If you’re on the homepage of The Wall Street Journal website, you’re immediately prompted to register to start reading an article. Of course, to register means to pay to gain access to the content. On a website like WSJ.com, it’s easy to justify paying to read an article. They employ professional journalists who must keep producing high-quality content round the clock to meet the standard the newspaper is known for. Readers that enjoy it will not budge at the idea of paying to keep their subscription to The Journal. However, to understand why mainstream publications put their content behind paywalls, we need to look at how their business model works.

Revenue driven decisions

It’s obvious, monetization is the chief factor in why publishers adopt paywalls.

In print, established outlets like The New York Times, WSJ, and The Post rely on advertisers and subscribers to keep their business running. On the internet, however, advertisement is not a sustainable revenue model for large publishers as users are trained to seek fast bloggy content that is difficult to monetize. Further crippled by the wave of Adblockers, digital advertising generates less than the revenue that similar ads will generate in print. With this, publishers are willing to throw UX under the bus for revenue.

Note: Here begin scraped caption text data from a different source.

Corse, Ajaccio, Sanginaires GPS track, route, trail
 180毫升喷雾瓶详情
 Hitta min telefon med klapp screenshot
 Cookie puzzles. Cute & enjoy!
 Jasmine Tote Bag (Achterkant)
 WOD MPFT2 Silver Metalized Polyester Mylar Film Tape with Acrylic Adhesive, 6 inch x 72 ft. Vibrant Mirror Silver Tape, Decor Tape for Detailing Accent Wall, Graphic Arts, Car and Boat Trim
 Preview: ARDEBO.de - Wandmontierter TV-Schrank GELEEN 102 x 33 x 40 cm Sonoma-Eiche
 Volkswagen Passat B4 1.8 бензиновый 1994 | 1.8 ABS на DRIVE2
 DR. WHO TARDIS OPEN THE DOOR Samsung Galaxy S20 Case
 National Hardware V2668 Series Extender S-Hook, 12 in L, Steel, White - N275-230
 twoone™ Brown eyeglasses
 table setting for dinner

Should content marketers also put up paywalls?

Defiance and reports of success after implementing paywalls may tempt marketers to adopt the approach. As in our case, we had to shelve the idea after a brief experiment with the freemium approach.

AdWeek on content paywall

Source: Twitter

Most publications have reported success after adopting the paywall program. The Wall Street Journal, for instance, has over 1,550,000 paying registered online subscribers that have opted to pay to read their content. In 2018, The New York Times also reported hitting 3,000,000 registered subscribers, with digital contributing the most to its revenue source.

Results may not be typical

Now, you need to understand that The Time and WSJ’s approach involves a lot of testing and engineering. WSJ, for instance, scores readers based on an average of 60 data points to judge their readers. This pool of data is then used to determine when the paywall is introduced. Data helps WSJ to determine whether to nudge a reader into subscribing, offer them a “Freemium”, or even put up a “Hard Paywall”.

For content marketers, especially those whose existence relies on educating their audience through content as we do at Betterhelp, putting valuable content behind a paywall may be risky. Paywalled content could become a hindrance in the decision maker’s ability to consider your brand for opportunities. Decision-makers may even think your brand is not serious when content that is meant to educate your customers is put behind a paywall.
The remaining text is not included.